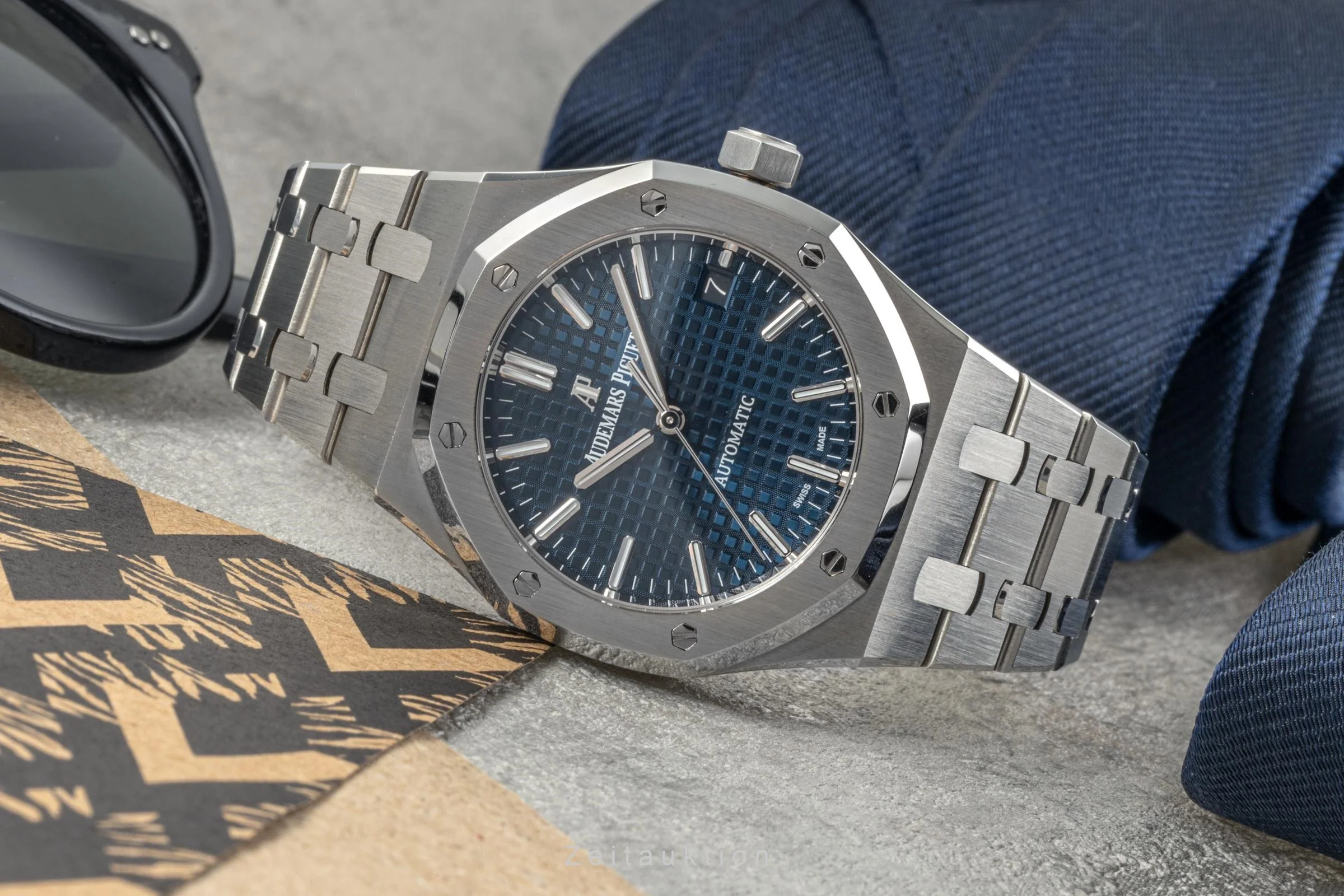 Audemars Piguet Royal Oak steel automatic men's watch 15450ST.OO.1256ST.03  [2202987] - Image 2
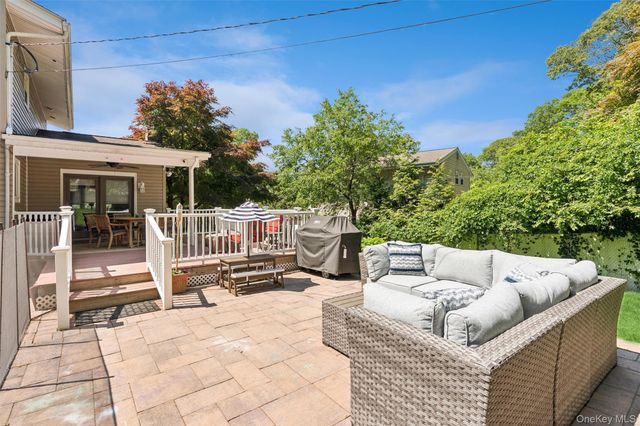 23 Ravenwood Drive, Kings Park, NY 11754
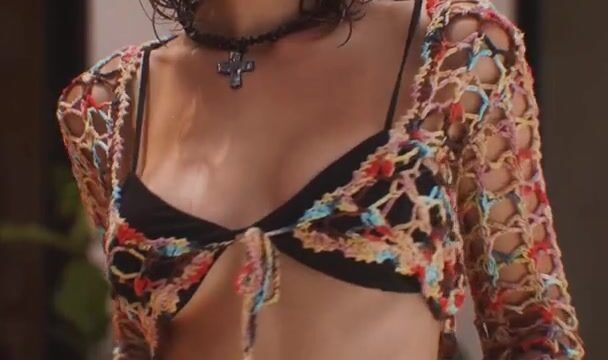 Rachel Cook porn video shows bare pussy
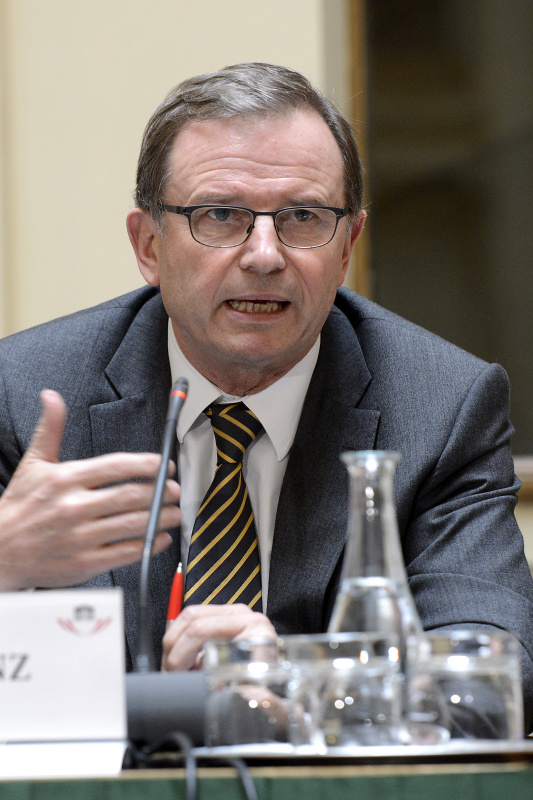 ÖVP-Klubobmann Karlheinz Kopf am Podium zum Thema Medienpolitische Konzepte zur Sicherung der Meinungs- und Titelvielfalt in Österreich
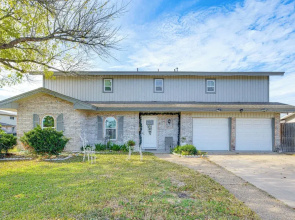 9 Mi to Dtwn: Spacious Retreat in Corpus Christi!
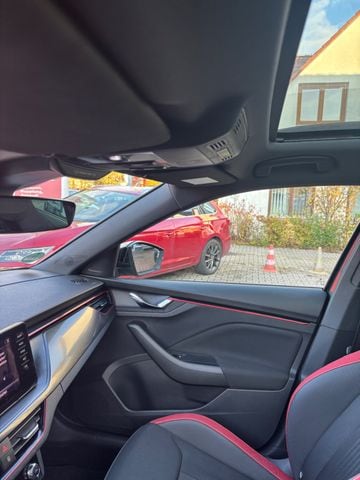 Bild des Autos 12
###
With the pictures left out, output the lines from the one containing "23 Ravenwood Drive, Kings Park, NY 11754" through the last line of the records above, exactly as they are.

● **Problem solution**
 23 Ravenwood Drive, Kings Park, NY 11754
 Rachel Cook porn video shows bare pussy
 ÖVP-Klubobmann Karlheinz Kopf am Podium zum Thema Medienpolitische Konzepte zur Sicherung der Meinungs- und Titelvielfalt in Österreich
 9 Mi to Dtwn: Spacious Retreat in Corpus Christi!
 Bild des Autos 12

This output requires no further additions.